# Sintonizador DT5-NF20D



## furianos (Dic 7, 2009)

Buenas, queria hacerles una consulta, ya que estoy seguro que en el foro hay gente que tiene mas experiencia que yo con las TVs (en relidad yo no tengo experiencia)

Me trajieron una TV, Philco MOD: PH-T20D5.

le "arrancanron" la ficha donde va la antena, que es parte misma del sintonizador (DT5-NF20D), estube averiguando y el respuesto lo consigo, no se si es el original, creo que es un reemplazo.
De ser asi, la pregunta es, si en teoria consigo un remplazo, lo cambio y listo ? no 
tengo que hacer ningun ajuste en el equipo ? es solo reemplazar el roto y sale andando ?

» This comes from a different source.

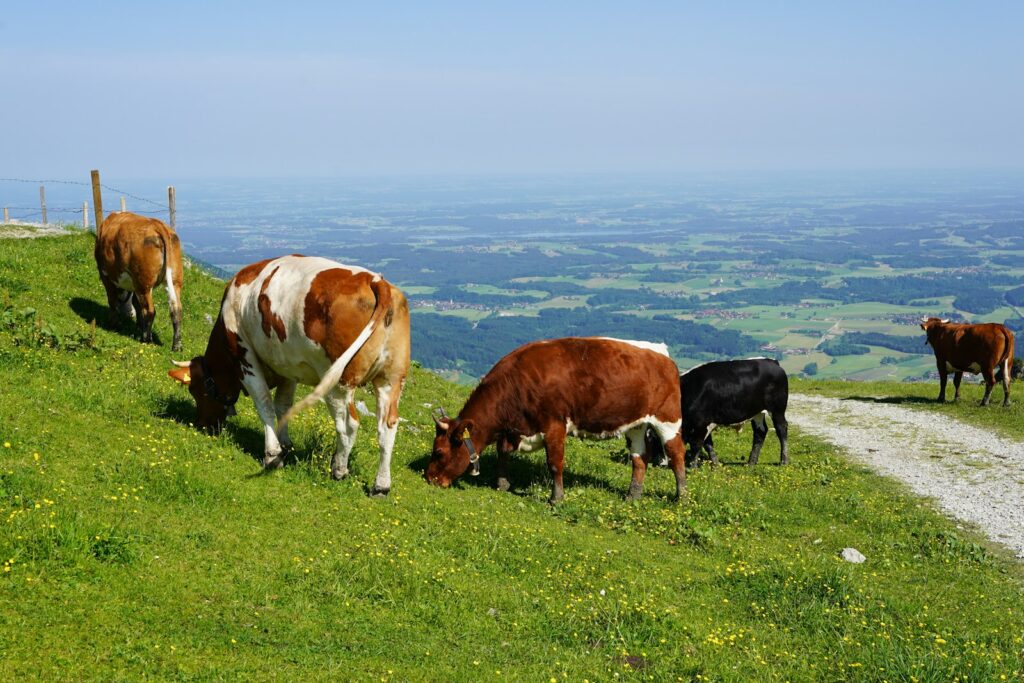 Cows graze peacefully on a grassy hillside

de paso si alguien conoce una casa donde vendan repuestos que recomiende, pasen el dato!

Gracias.


----------



## KARAPALIDA (Dic 8, 2009)

Buenas.

En principio los remplazos son iguales o muy parecidos al original. 
Tendria que funcionar correctamente con solo instalarlo. 

Salvo que tocaras la bobina de aft si la tubiera, o algun dato en el modo service del TV.  Ahora si solo la falla esta en la ficha con solo cambiar el sinto tendria que funcionar y a primeras. 

Saludos

PD: los remplazos traen los mismos IC. con solo destapar el sinto te daras cuenta.


----------



## furianos (Dic 19, 2009)

asi fue, hoy lo cambie, y salio andando de una!

...que cuiqui le tenia al flyback 

Muchas gracias.


----------